In traditional transactions, the merchants pay the fees. For bitcoins, it seems that the payer is paying the fees. In pratice, what will happen for a real transaction? If the payer does not enough fees, the transaction won't be confirmed. Or should the merchants include the transaction fees in the price?
In Bitcoin it is indeed the sender who pays the fees. Also for "real transactions" (with the marginal case of P2SH where one can say that the receiver pays part of the fees upon spending the proceeds of the P2SH transaction).
Indeed, if fees are too low, the transaction is not confirmed. Therefore, the seller typically waits to see whether the transaction is confirmed before delivering anything.
At present the fee is typically less than USD 0.1.
Because the fee necessary for a transaction depends on the length of this transaction (ie its number of inputs, among other things - something determined by the buyer's history), it is hard for the seller to specify a fee that applies to all the expected transactions.The transaction fee can therefore be seen to be only implicitely and approximately included in the price.
Bitcoin does use a different system to traditional payments. With Bitcoin the payment is "pushed" to the merchant or other wallet you're sending the coin to so the transaction fee is paid by the payer.
Traditional payment methods use a "pull" system where the payment is taken from the bank account/card of the payer.
In the case of VISA/MasterCard or other credit/debit card companies, yes, the merchant pays the fees, but not because they want.
The merchants are faced with a dilemma: if they don't support debit/credit card payments, they get less customers. If they want debit/credit payments, they have to sign a contract with these debit/credit card companies, that forces them to comply with some rules. The most important rule is that they cannot pass the credit/debit card fees to the customer, that is, the price for an item should always be the same regardless of the payment method chosen.

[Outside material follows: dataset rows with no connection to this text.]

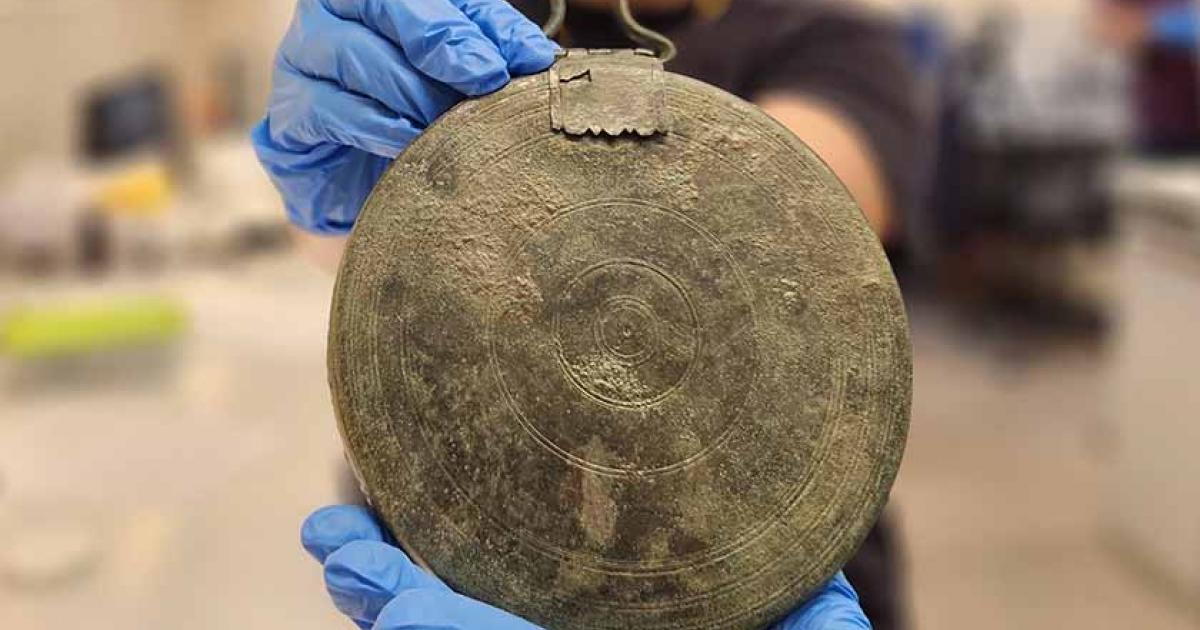 The perfectly preserved bronze mirror found in a shallow grave alongside the Hellenistic escort. Source: Yoli Schwartz / Israel Antiquities Authority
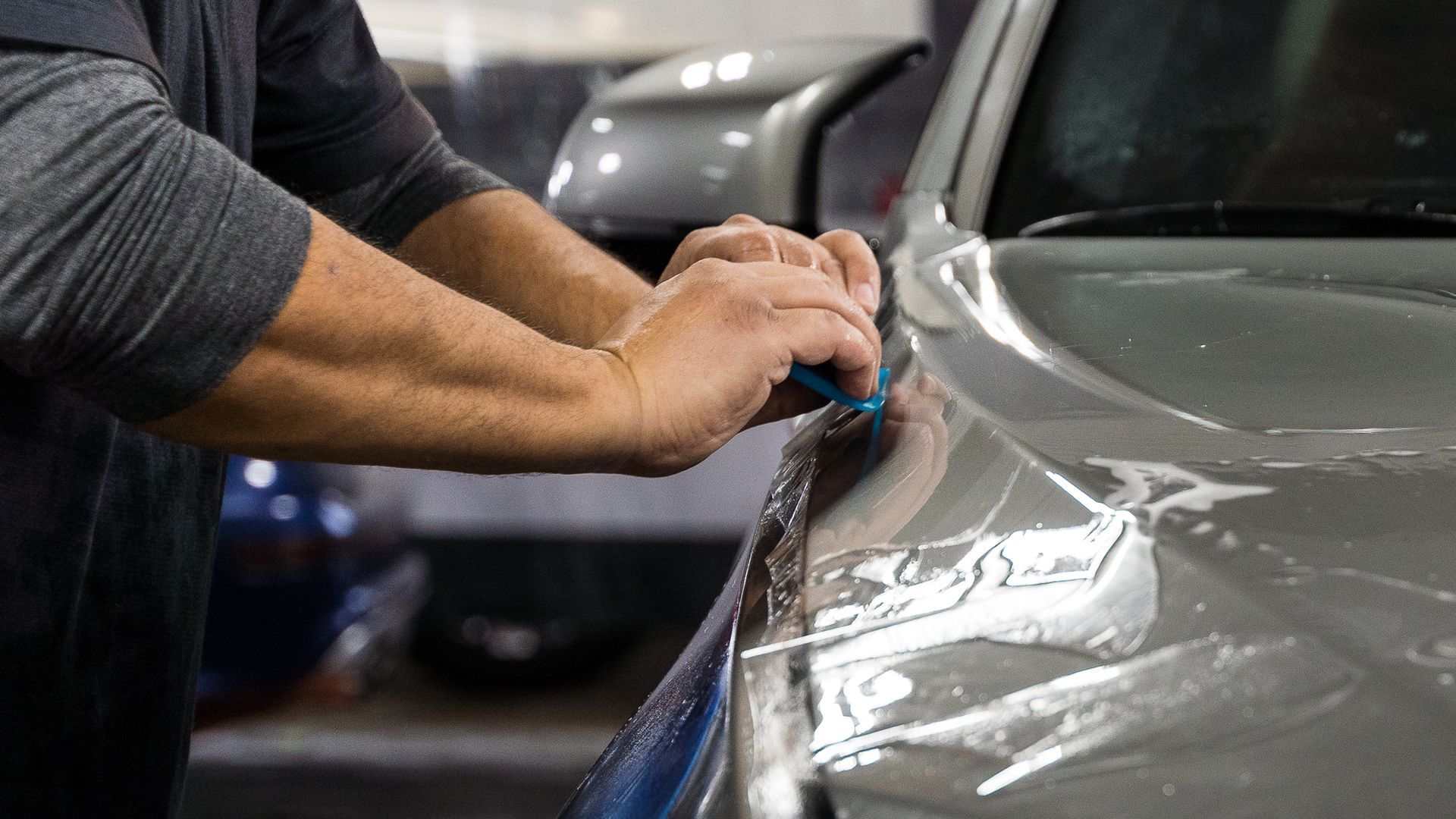 A person applying a protective film to the front of a gray car.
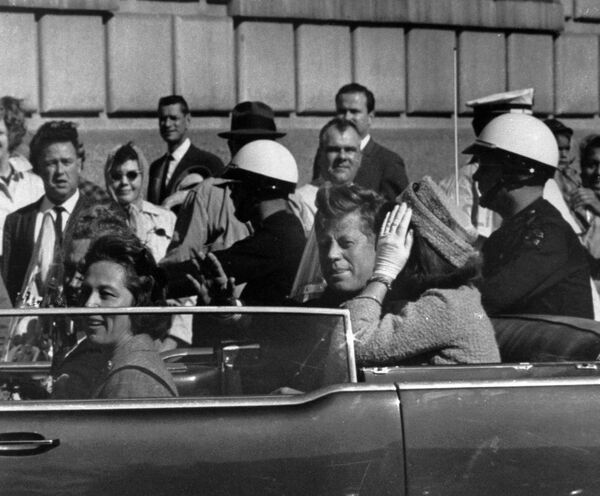 President John F. Kennedy is seen riding in motorcade approximately one minute before he was shot in Dallas, Tx., on Nov. 22, 1963. In the car riding with Kennedy are Mrs. Jacqueline Kennedy, right, Nellie Connally, left, and her husband, Gov. John Connally of Texas. President John F. Kennedy is seen riding in motorcade approximately one minute before he was shot in Dallas, Tx., on Nov. 22, 1963. In the car riding with Kennedy are Mrs. Jacqueline Kennedy, right, Nellie Connally, left, and her husband, Gov. John Connally of Texas. - Sputnik International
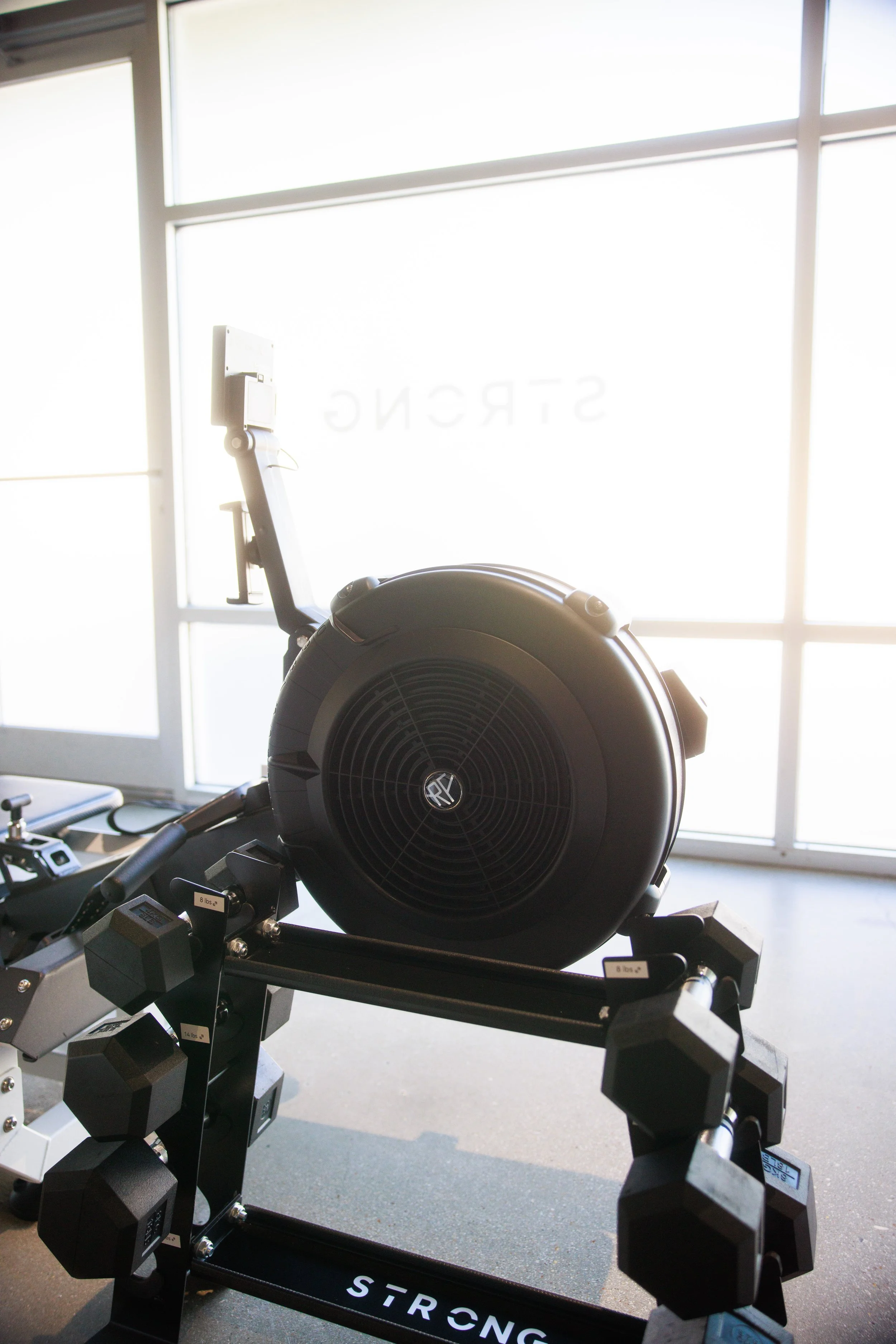 Detailed shot of a STRONG PILATES reformer machine.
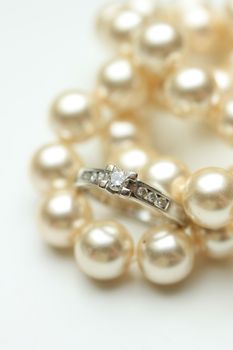 Diamond engagement ring in a channel setting and a pearl necklace
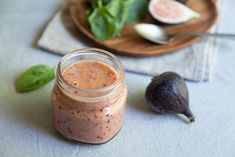 an avocado and some other food items on a table with a spoon next to it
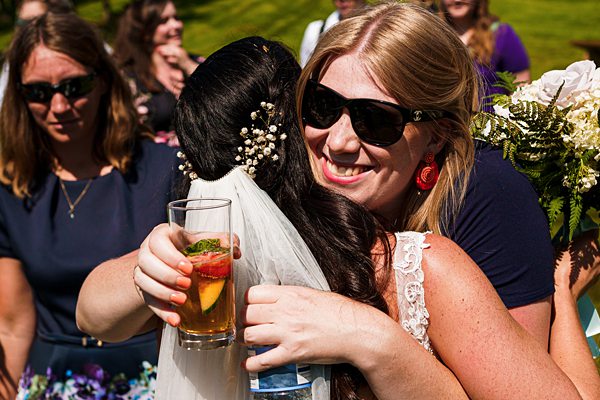 Women hugging at outdoor wedding celebration.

In the case of bitcoin, the system is designed, from the start, as a "push" method, as @Marc already said, so the user is the one in charge of paying the fee, in principle. Thing is, as fees raise in the market (because of bitcoin blocks becoming full), customers will try to pay the smaller fees possible, which will make transactions slower to confirm, which is bad for the merchant because it makes the purchase process feel even slower than it's already (as merchants want to wait as many confirmations as possible before considering an item being paid, to avoid double-spend attacks), scaring customers away.
Therefore, it's not unreasonable to think of a not so distant future in which the merchant will use techniques to speed up this process by contributing part of the fee themselves. One of these techniques is called CPFP: Child Pays For Parent, and consists in attaching a higher fee to a subsequent transaction (depending on the first transaction), to attract more miners to process it, and so that both transactions happen faster.